Quiescence of Self-stabilizing Gossiping among Mobile Agents in Graphs

TL;DR

This paper studies self-stabilizing gossip algorithms among mobile agents in graphs, introducing the concept of quiescence number to quantify how many agents can stop moving while still ensuring information dissemination.

Contribution

It formalizes the self-stabilizing agent gossip problem and defines the quiescence number, analyzing its bounds under various system assumptions.

Findings

Introduces the quiescence number as a measure of agent quiescence.

Provides bounds on the quiescence number based on system assumptions.

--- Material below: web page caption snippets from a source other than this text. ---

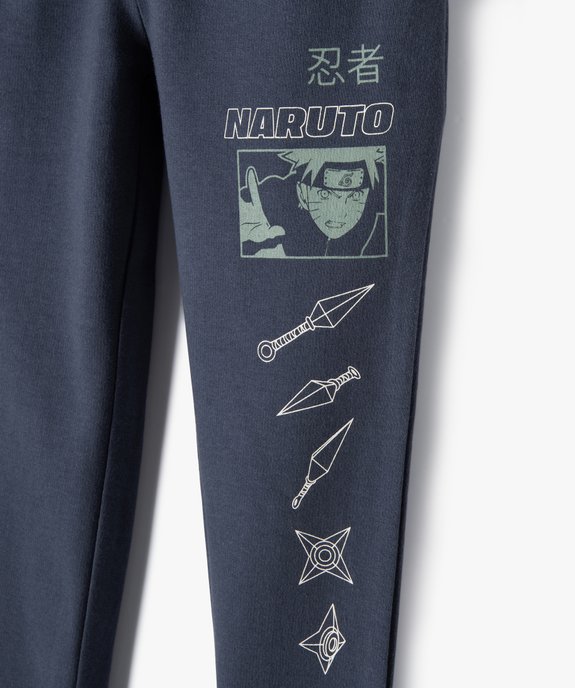 Pantalon de jogging avec motifs manga garçon - Naruto vue2 - NARUTO - GEMO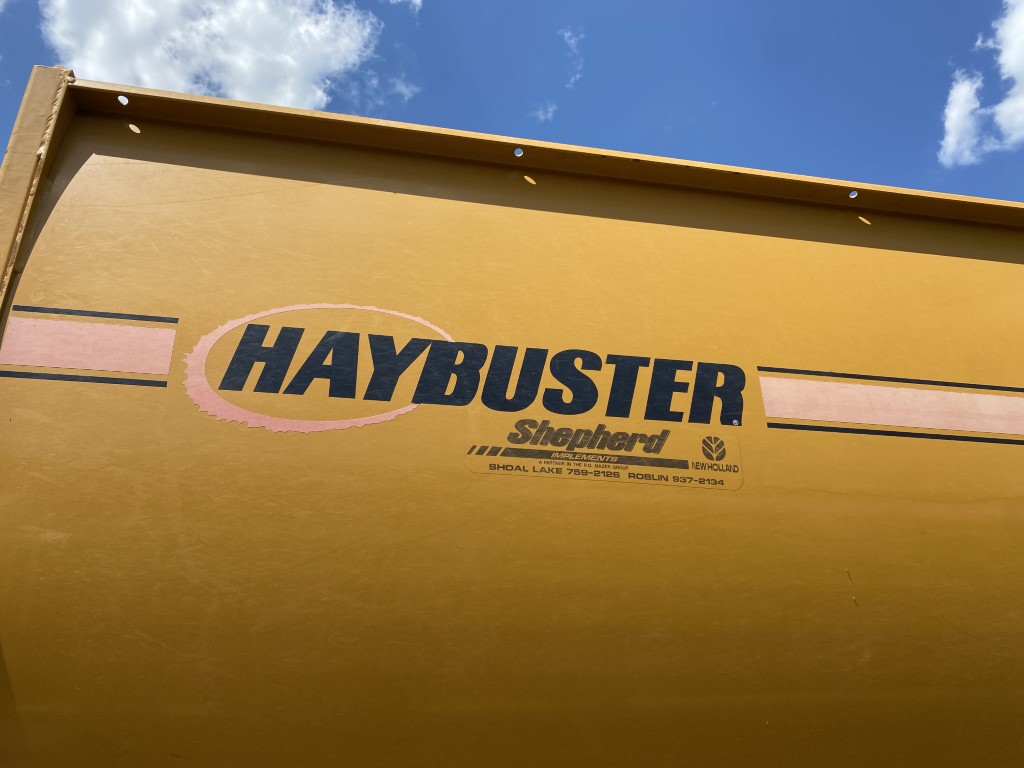 2005 Haybuster 2650 Bale Processor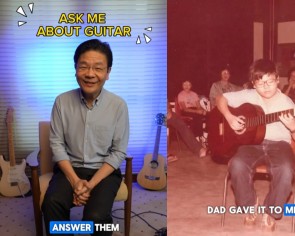 &#039;My dad gave it to me as a birthday present&#039;: Singapore&#039;s next PM Lawrence Wong shares how his love for guitars began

Analyzes the impact of anonymity, synchrony, and communication capacities.

Abstract

This paper considers gossiping among mobile agents in graphs: agents move on the graph and have to disseminate their initial information to every other agent. We focus on self-stabilizing solutions for the gossip problem, where agents may start from arbitrary locations in arbitrary states. Self-stabilization requires (some of the) participating agents to keep moving forever, hinting at maximizing the number of agents that could be allowed to stop moving eventually. This paper formalizes the self-stabilizing agent gossip problem, introduces the quiescence number (i.e., the maximum number of eventually stopping agents) of self-stabilizing solutions and investigates the quiescence number with respect to several assumptions related to agent anonymity, synchrony, link duplex capacity, and whiteboard capacity.